§ Data excerpts:
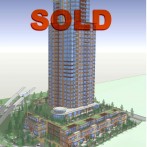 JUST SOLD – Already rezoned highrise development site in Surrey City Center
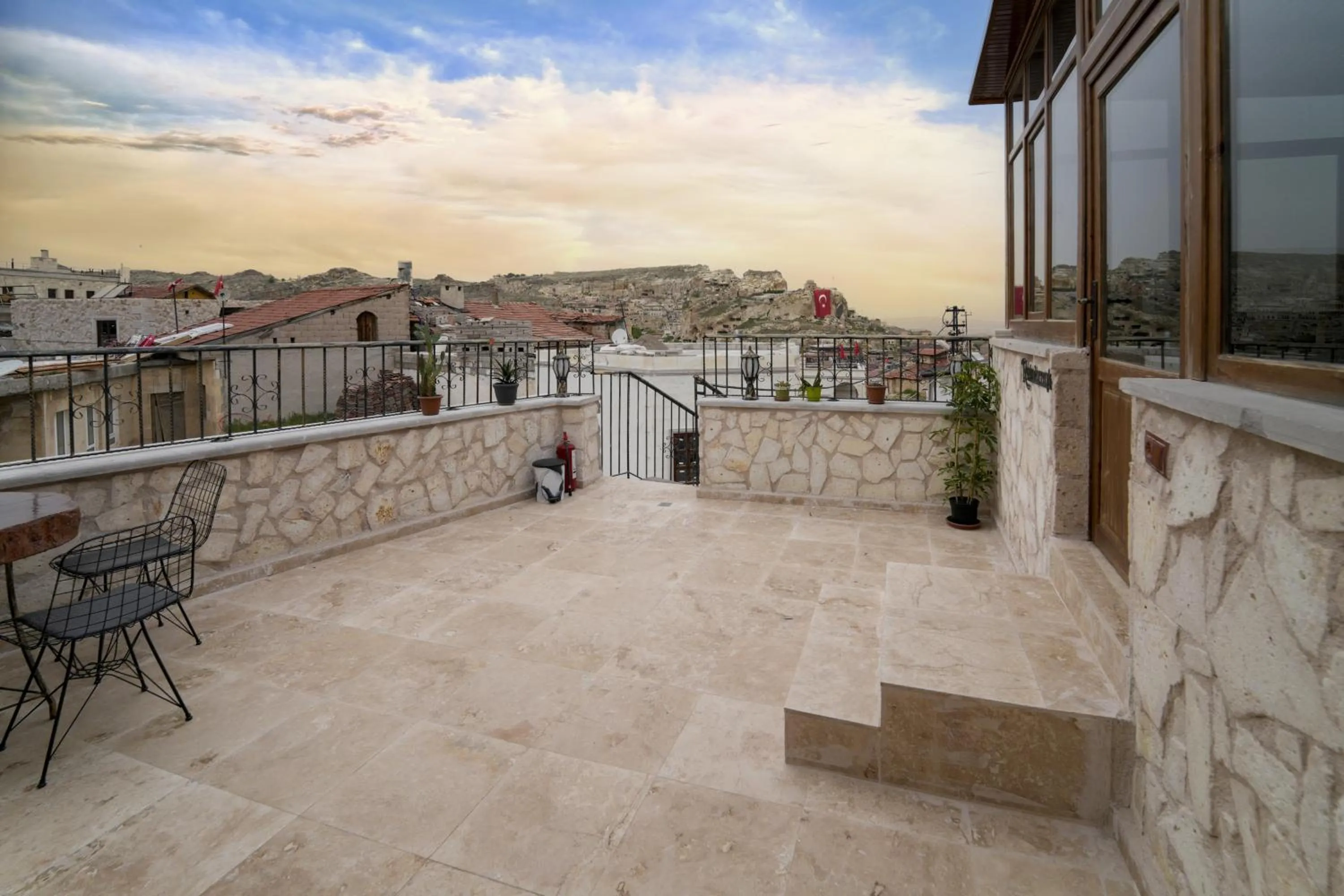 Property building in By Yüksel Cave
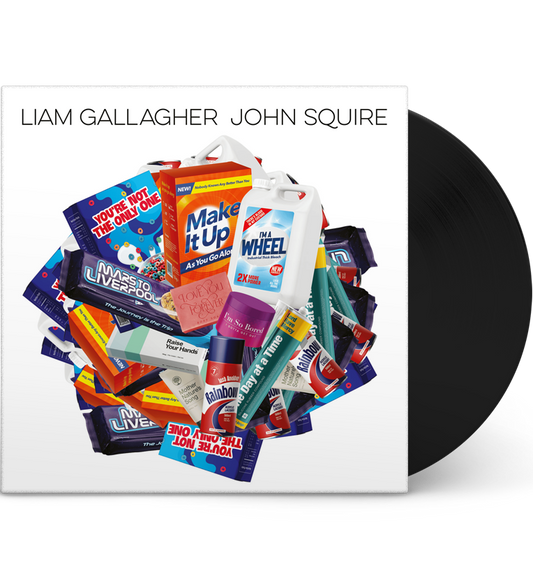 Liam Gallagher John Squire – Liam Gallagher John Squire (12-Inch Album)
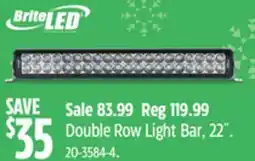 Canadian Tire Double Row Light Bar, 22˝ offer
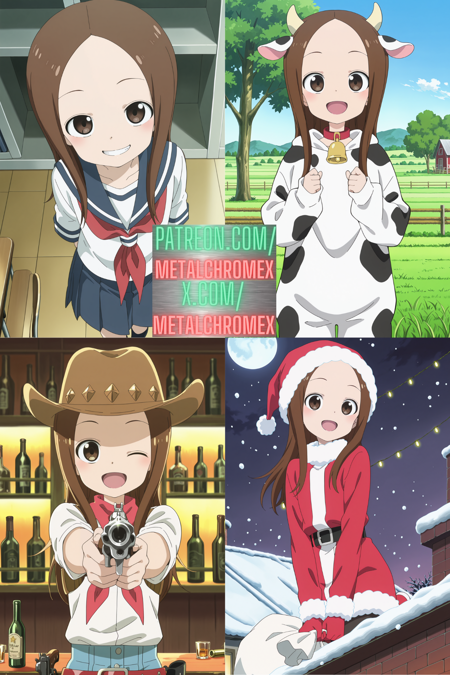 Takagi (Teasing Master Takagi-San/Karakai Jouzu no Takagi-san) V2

§ Your assignment: Output each record precisely as it appears, and drop every picture.

§ Output of the task:
 JUST SOLD – Already rezoned highrise development site in Surrey City Center
 Property building in By Yüksel Cave
 Liam Gallagher John Squire – Liam Gallagher John Squire (12-Inch Album)
 Canadian Tire Double Row Light Bar, 22˝ offer
 Takagi (Teasing Master Takagi-San/Karakai Jouzu no Takagi-san) V2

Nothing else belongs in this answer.